§ **Dataset items**
-.-.-
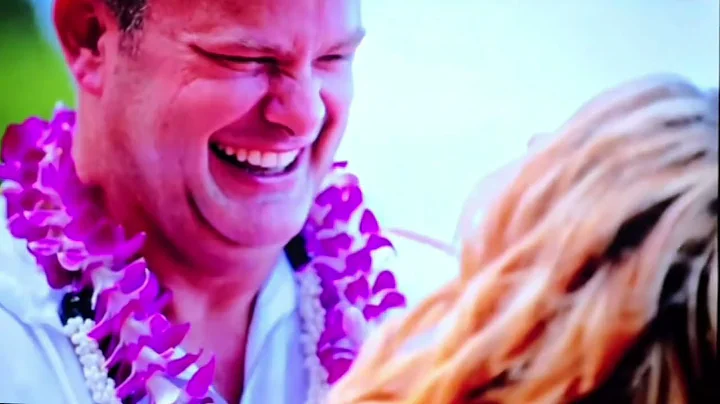 Full Lori vallow interview with dateline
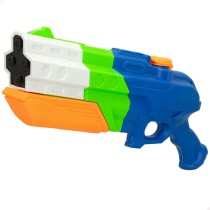 Water Pistol Colorbaby AquaWorld 45 x 19 x 7 cm (6 Units)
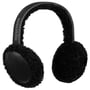 Lamby Ear Warmers by Seeberger black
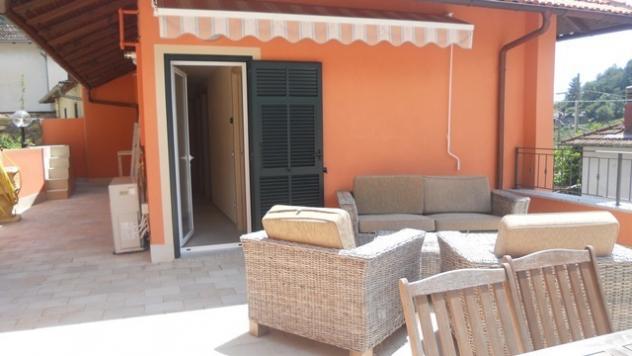 Casale in vendita a San Bartolomeo al Mare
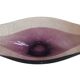 Old Bayel crystal pocket tray cup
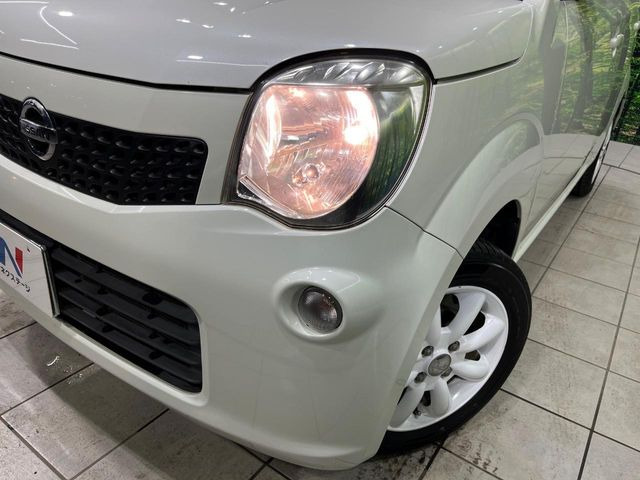 ��Ԃ�r�V���ɂ��ǍD�Ȏ��E�ň��S�ȑ��s������]�������ɂ́y���P�xLED�w�b�h���C�g�z�̎�t����������!�����̂��q�l�ɂ��D�]���������Ă���܂���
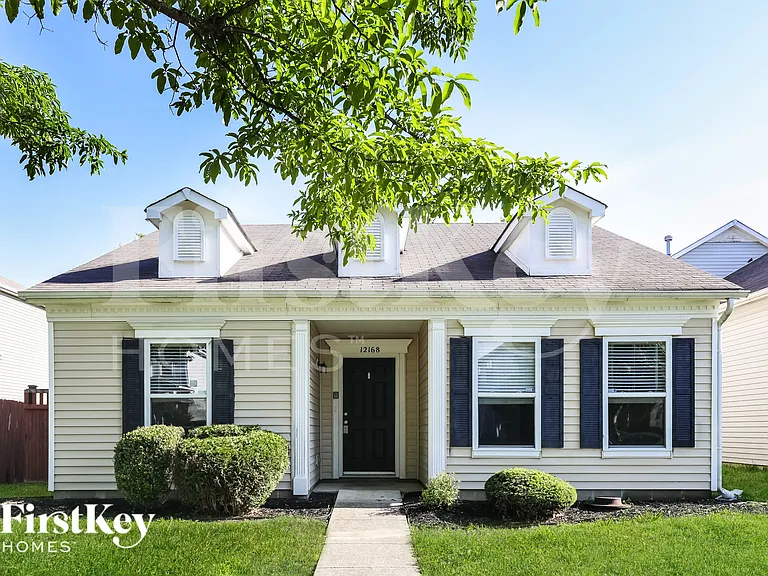 12168 Lindley Dr — Photo 1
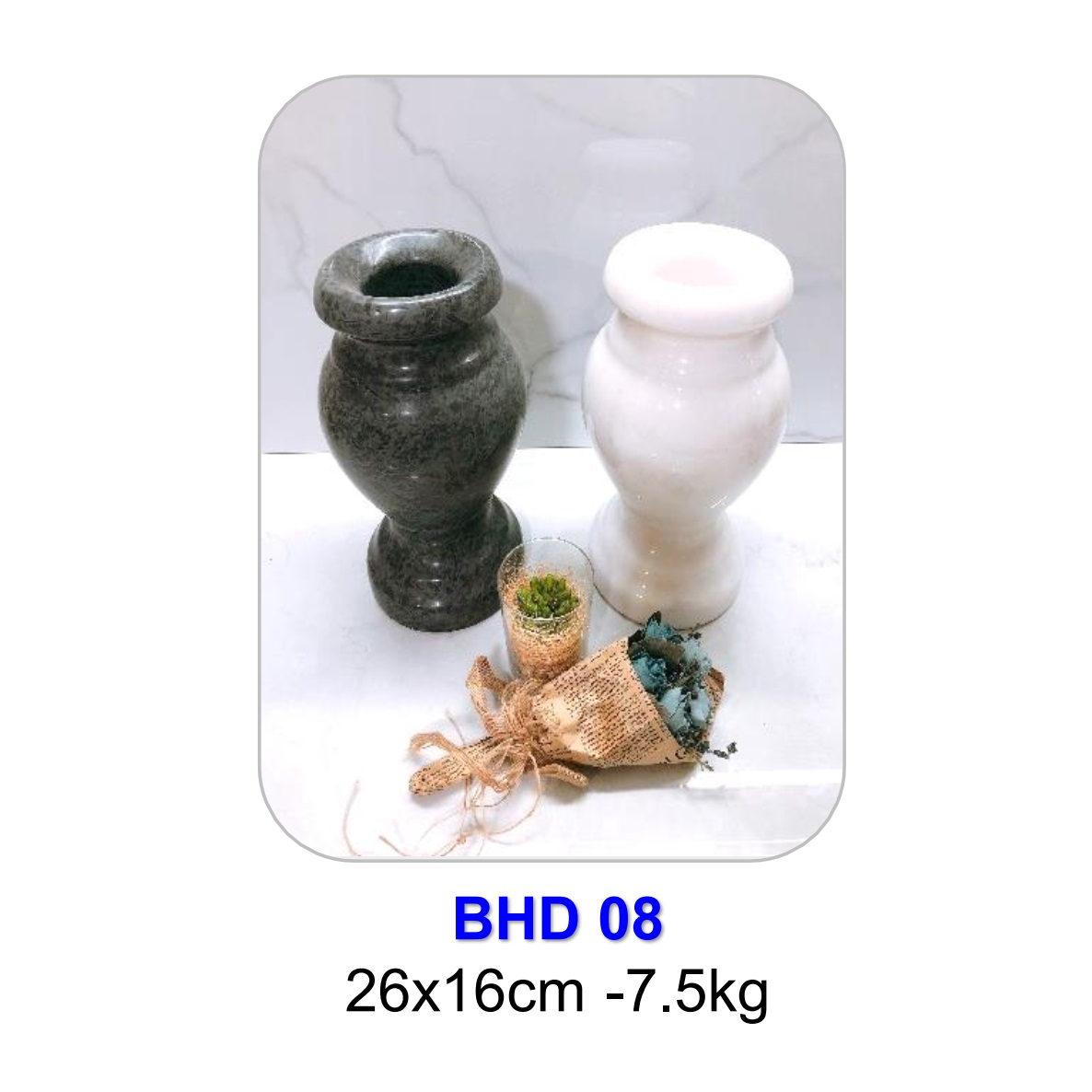 binh-hoa-da-tu-nhien-bhd-08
-.-.-
§ **Try it**
Make an exact copy of only those lines that run from the line with "Lamby Ear Warmers by Seeberger black" through the end of the records, excluding pictures.

§ **Written answer**
 Lamby Ear Warmers by Seeberger black
 Casale in vendita a San Bartolomeo al Mare
 Old Bayel crystal pocket tray cup
 ��Ԃ�r�V���ɂ��ǍD�Ȏ��E�ň��S�ȑ��s������]�������ɂ́y���P�xLED�w�b�h���C�g�z�̎�t����������!�����̂��q�l�ɂ��D�]���������Ă���܂���
 12168 Lindley Dr — Photo 1
 binh-hoa-da-tu-nhien-bhd-08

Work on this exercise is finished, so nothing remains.